### Extracted records
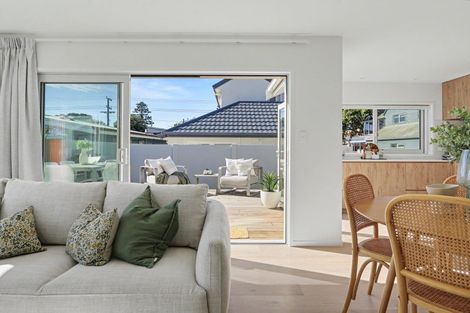 Photo of property in 18b Muricata Avenue, Mount Maunganui, 3116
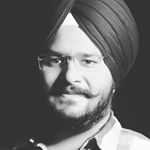 Profile Picture of Meharban Singh (@singh_meharban) on Instagram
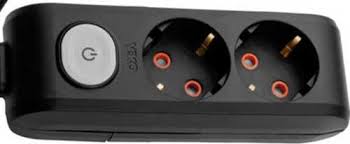 Üstelik en iyi elektrik priz ve anahtarları markayla beraber! En Ucuz Viko Klemensli Toprakli Ikili Anahtar Priz Fiyatlari Star Akim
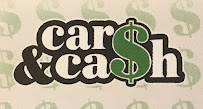 Cars & Cash Buy Here Pay Here Used Vehicles, Payday Loans, 03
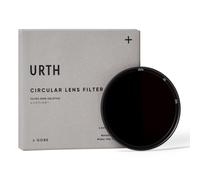 Urth - Filtre Infrarouge (R72) pour obectif 55 mm (Plus +)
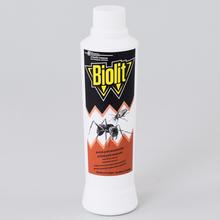 Biolit Prášok 250g proti mravcom - FLORASYSTEM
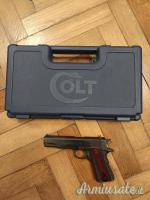 Colt 1911A1  cal 45acp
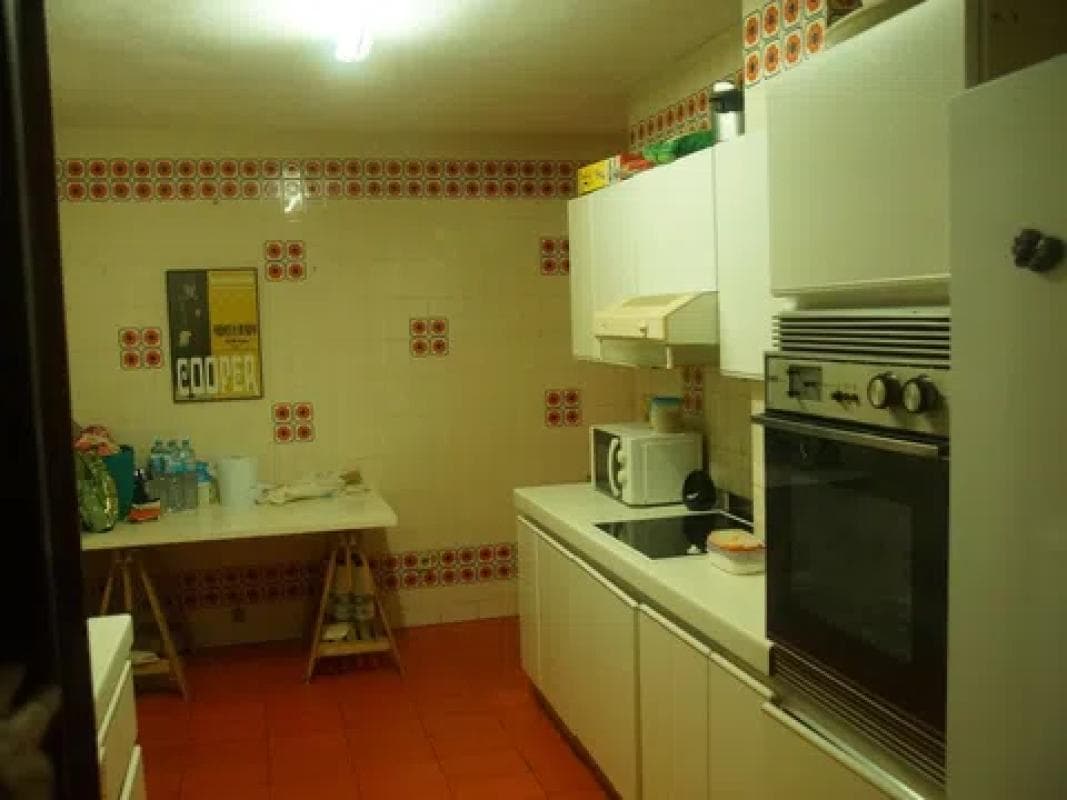 Venta de piso en Avenida Juan Bautista Lafora, 6, Alicante / Alacant
photo 5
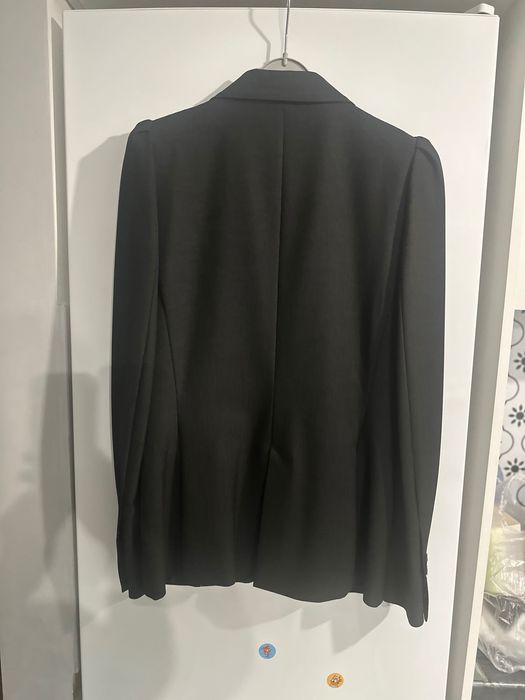 Продам пиджаки от Зара, Манго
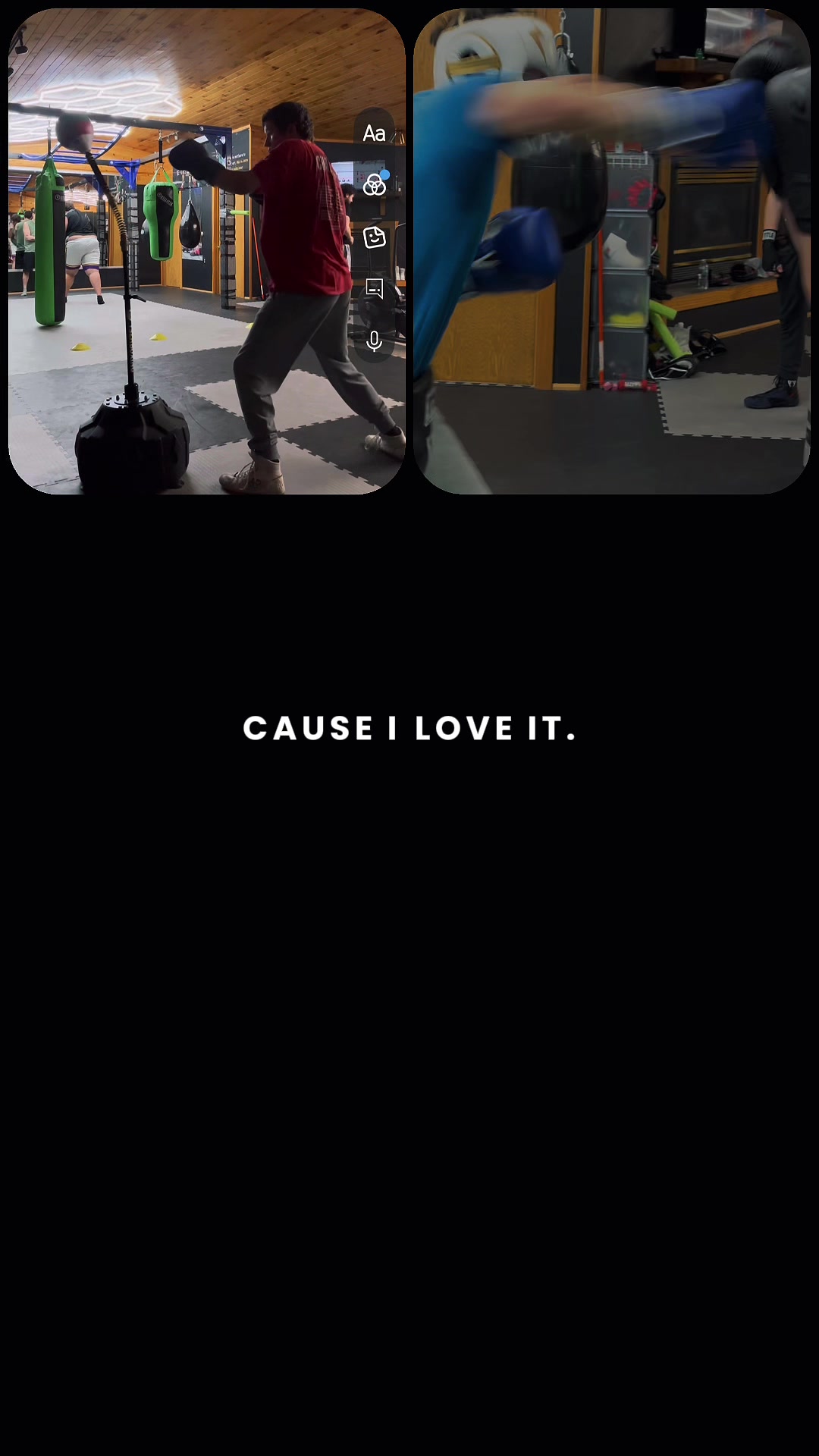 @ZVs.Fitness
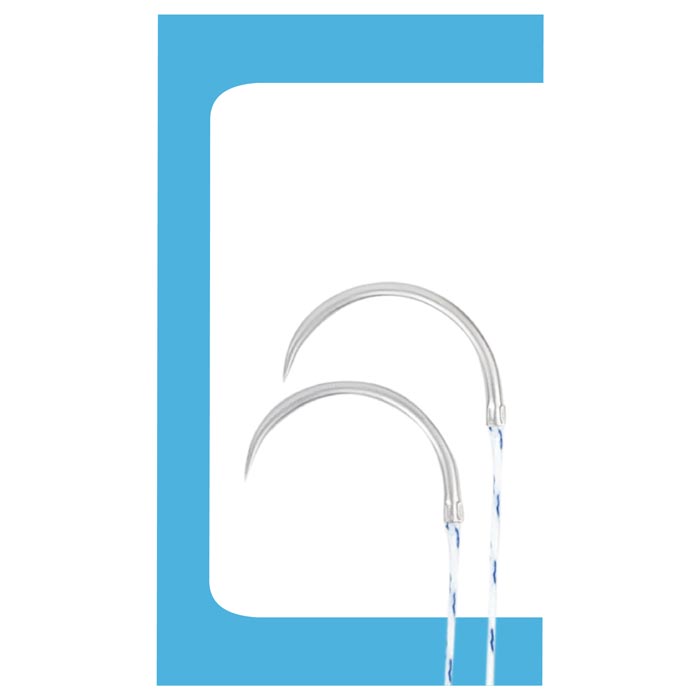 MICRO-VIM-PK-Ligament-Anchor-with-Needle-(PEEK)-03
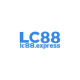 lc88express's avatar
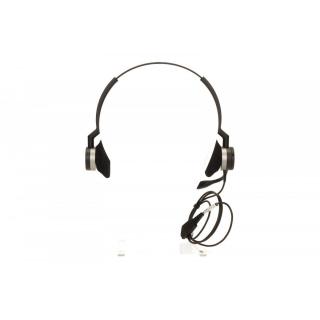 Headset BIZ 2300 Duo 82E-STD,NC,FreeSpin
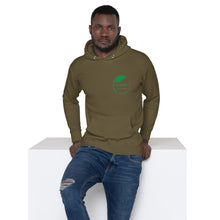 Load image into Gallery viewer, Unisex Hoodie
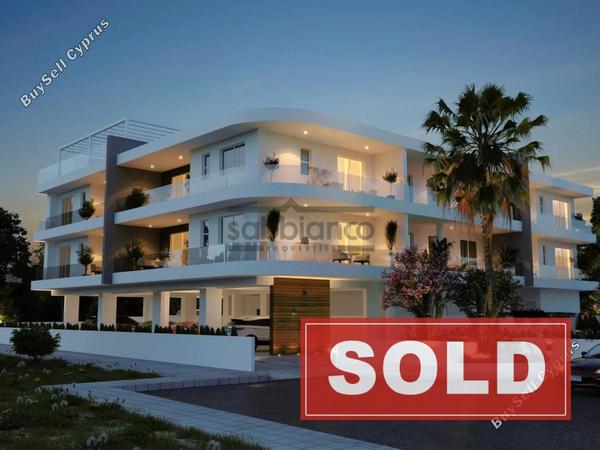 2 bedroom apartment sold sotira ammochostou famagusta 8746535 image 16442844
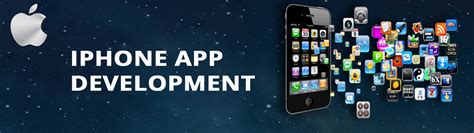 iPhone Application Development Services | Hire iPhone App Developers | OURS GLOBAL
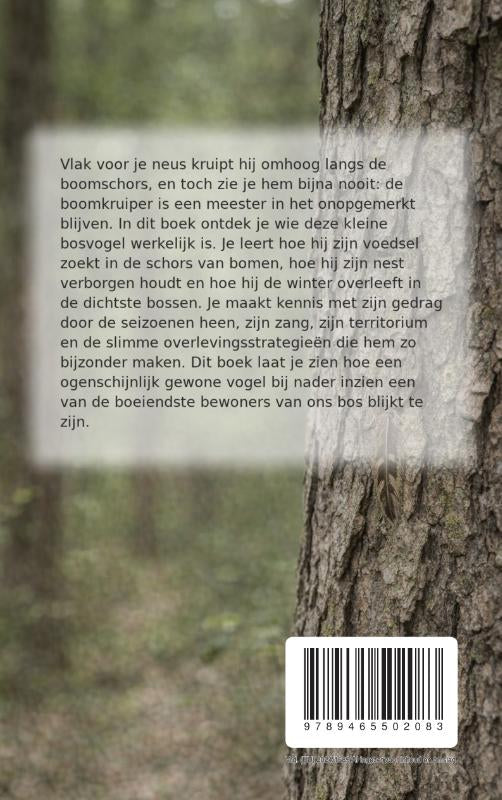 Alles-over-de-Boomkruiper-flaptekst-9789465502083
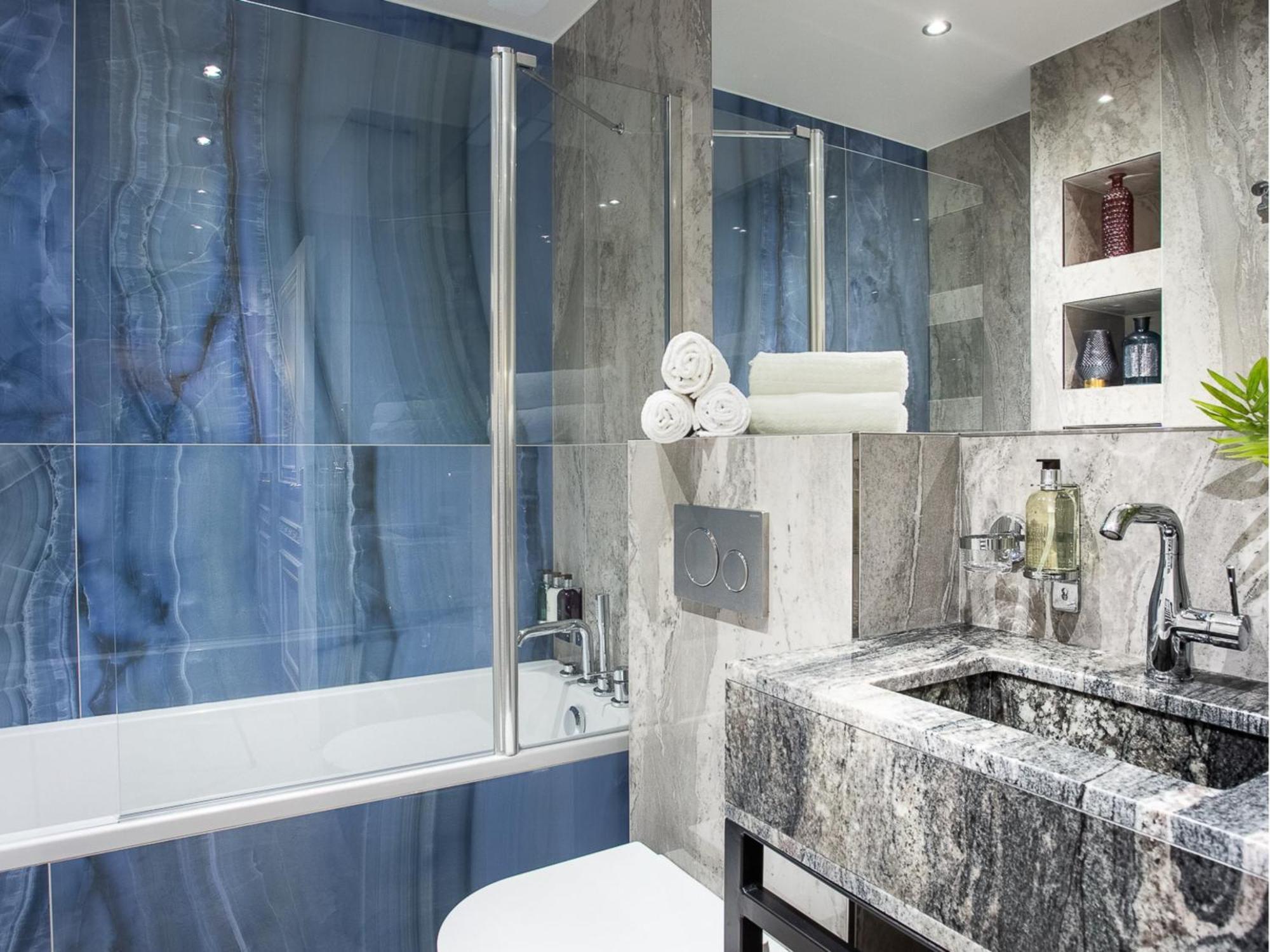 Merveil - Signature Suite - Louvre - Marcel I Paris Ngoại thất bức ảnh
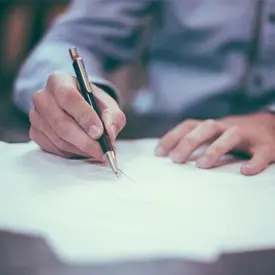 LÓPEZ JALÓN Abogados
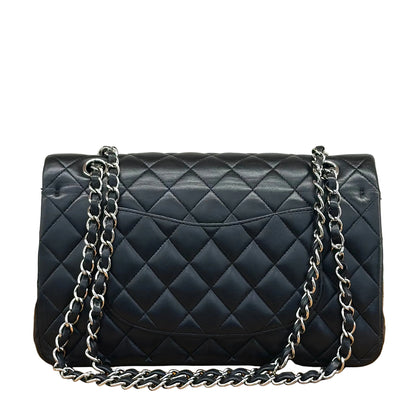 BORSA CHANEL CLASSIC FLAP
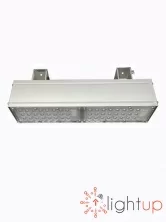 LP-PROM F35-1П-LUX  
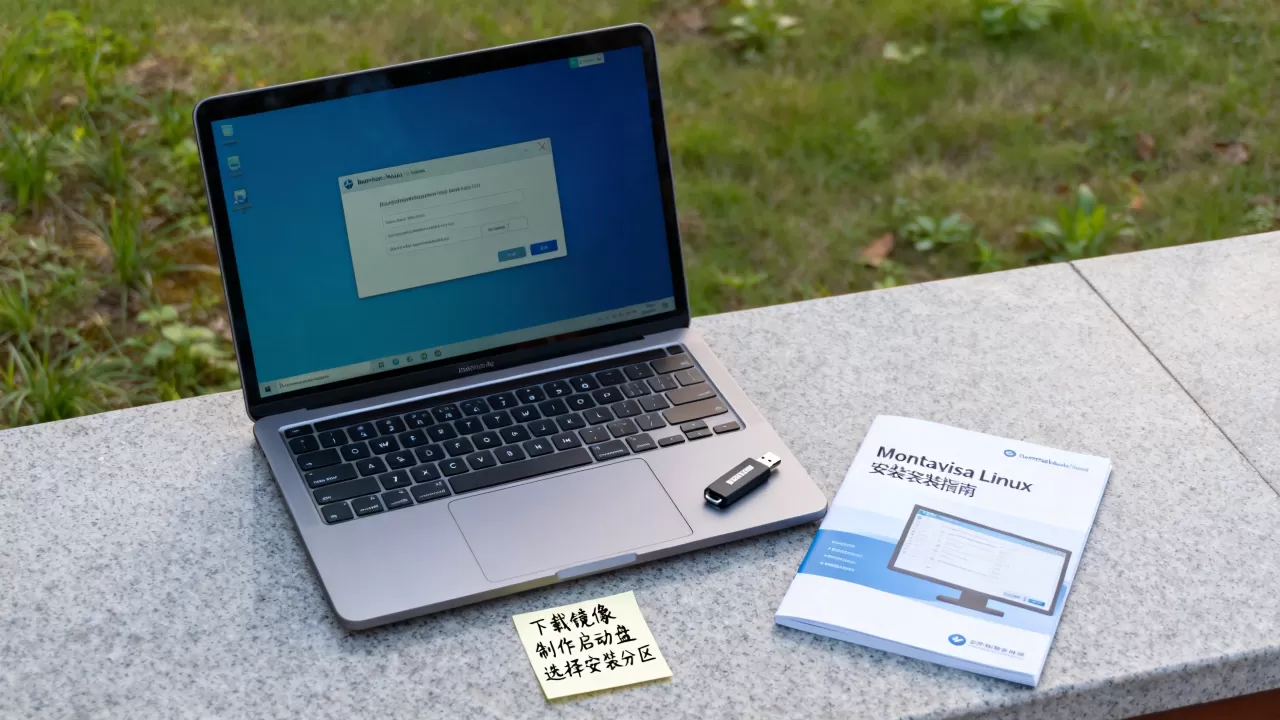 montavista linux是什么?,怎么安装 montavista linux是什么?,怎么安装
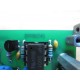 Sieb & Meyer 26.50.0071 Board 26500071 - Used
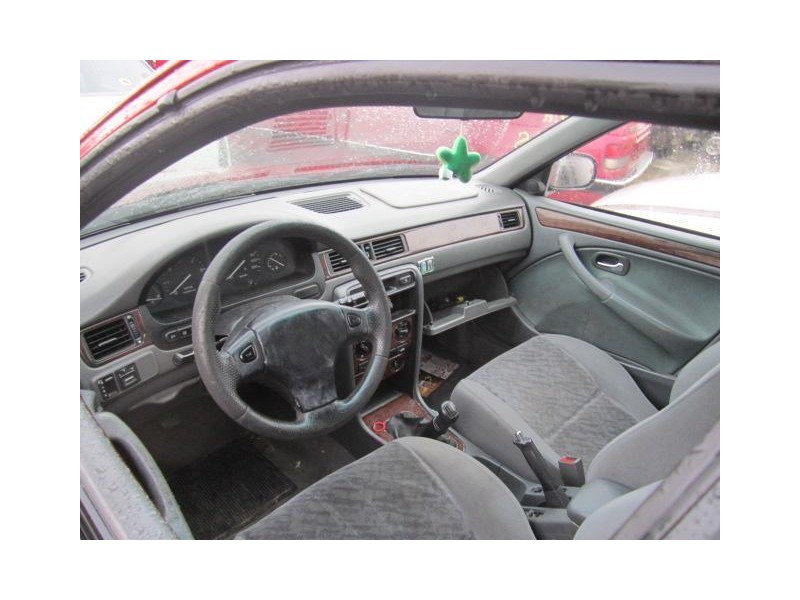 rover  420 del año 1998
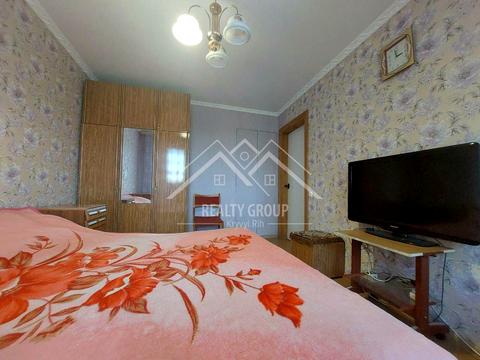 Квартира на вул. Українська, 122 в Кривому Розі, ID 168335, фото №10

### Work required
Please output every entry exactly as written, apart from the pictures.

### Result for this exercise
 Photo of property in 18b Muricata Avenue, Mount Maunganui, 3116
 Profile Picture of Meharban Singh (@singh_meharban) on Instagram
 Üstelik en iyi elektrik priz ve anahtarları markayla beraber! En Ucuz Viko Klemensli Toprakli Ikili Anahtar Priz Fiyatlari Star Akim
 Cars & Cash Buy Here Pay Here Used Vehicles, Payday Loans, 03
 Urth - Filtre Infrarouge (R72) pour obectif 55 mm (Plus +)
 Biolit Prášok 250g proti mravcom - FLORASYSTEM
 Colt 1911A1  cal 45acp
 Venta de piso en Avenida Juan Bautista Lafora, 6, Alicante / Alacant
photo 5
 Продам пиджаки от Зара, Манго
 @ZVs.Fitness
 MICRO-VIM-PK-Ligament-Anchor-with-Needle-(PEEK)-03
 lc88express's avatar
 Headset BIZ 2300 Duo 82E-STD,NC,FreeSpin
 Load image into Gallery viewer, Unisex Hoodie
 2 bedroom apartment sold sotira ammochostou famagusta 8746535 image 16442844
 iPhone Application Development Services | Hire iPhone App Developers | OURS GLOBAL
 Alles-over-de-Boomkruiper-flaptekst-9789465502083
 Merveil - Signature Suite - Louvre - Marcel I Paris Ngoại thất bức ảnh
 LÓPEZ JALÓN Abogados
 BORSA CHANEL CLASSIC FLAP
 LP-PROM F35-1П-LUX  
 montavista linux是什么?,怎么安装 montavista linux是什么?,怎么安装
 Sieb & Meyer 26.50.0071 Board 26500071 - Used
 rover  420 del año 1998
 Квартира на вул. Українська, 122 в Кривому Розі, ID 168335, фото №10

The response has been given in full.